• _AVAILABLE RECORDS_:
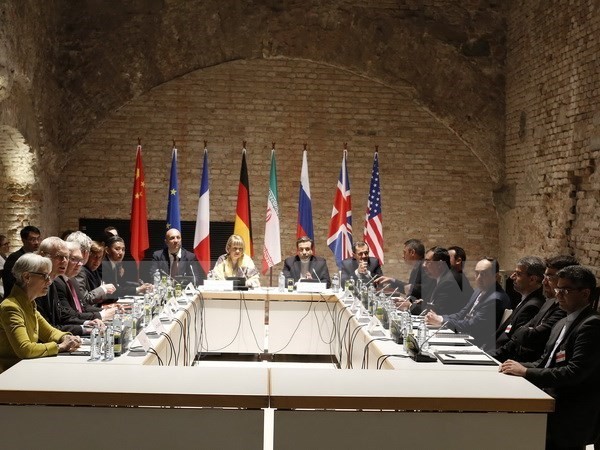 Kelompok P5+1 sepakat menghapuskan sanksi terhadap Iran - ảnh 1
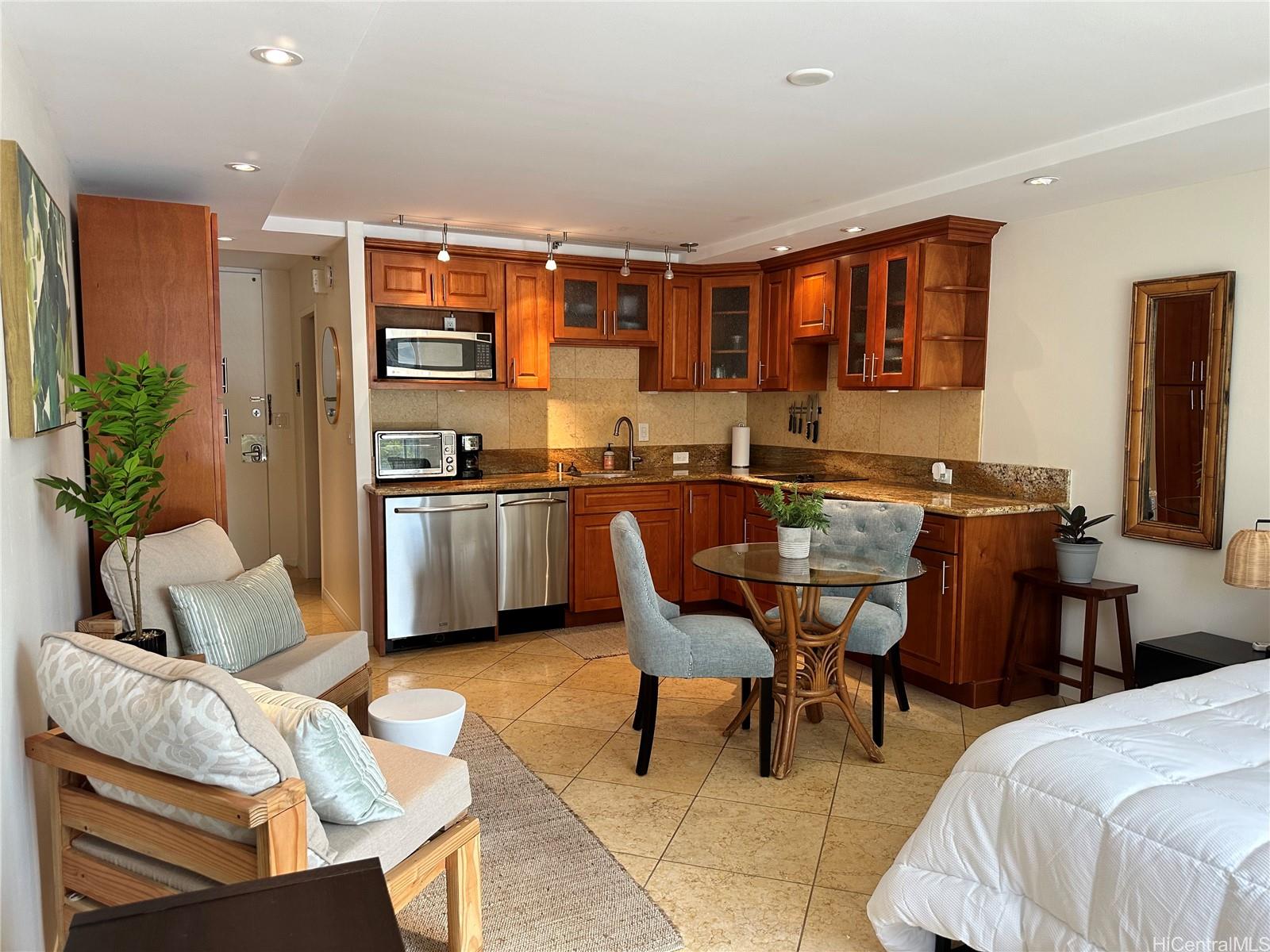 a dining room with a sink table and chairs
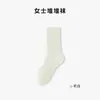 Calcetines de algodón puro para mujer, adecuados para primavera y otoño, de longitud media hasta la pantorrilla, color liso, diseñados para el uso posparto, absorbentes, transpirables, de ajuste holgado y con borde fruncido; al por mayor desde Zhuji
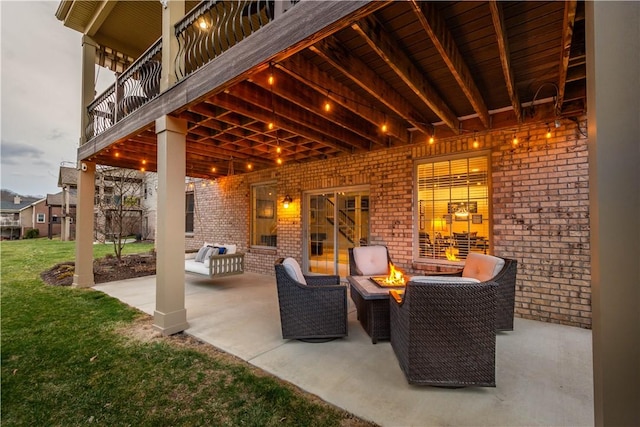 view of patio / terrace featuring an outdoor living space with a fire pit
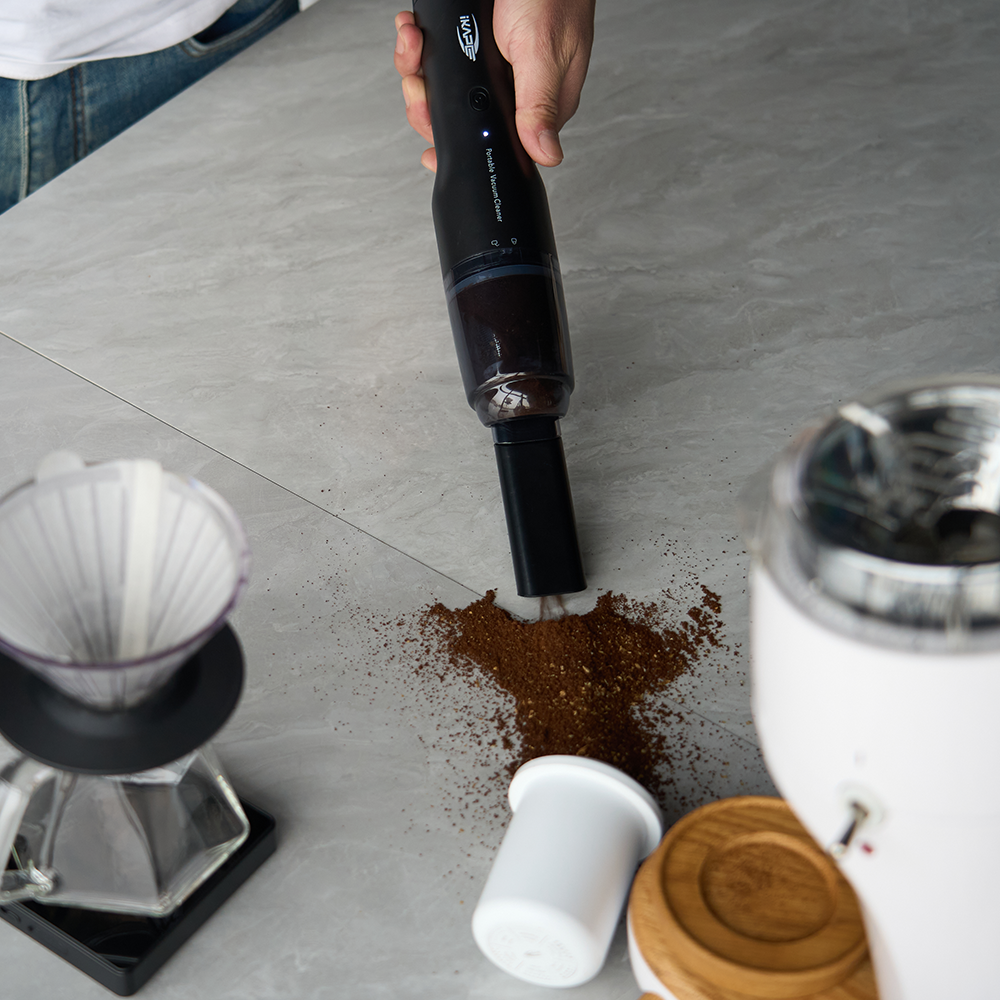 IKAPE Black handheld coffee-ground vacuum cleaning a countertop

• _ASSIGNED TASK_:
Transcribe exactly the lines above, beginning at the one with "a dining room with a sink table and chairs" and going up to and including the one with "view of patio". Pictures do not belong in the copy.

• _WRITTEN SOLUTION_:
 a dining room with a sink table and chairs
 Calcetines de algodón puro para mujer, adecuados para primavera y otoño, de longitud media hasta la pantorrilla, color liso, diseñados para el uso posparto, absorbentes, transpirables, de ajuste holgado y con borde fruncido; al por mayor desde Zhuji
 view of patio / terrace featuring an outdoor living space with a fire pit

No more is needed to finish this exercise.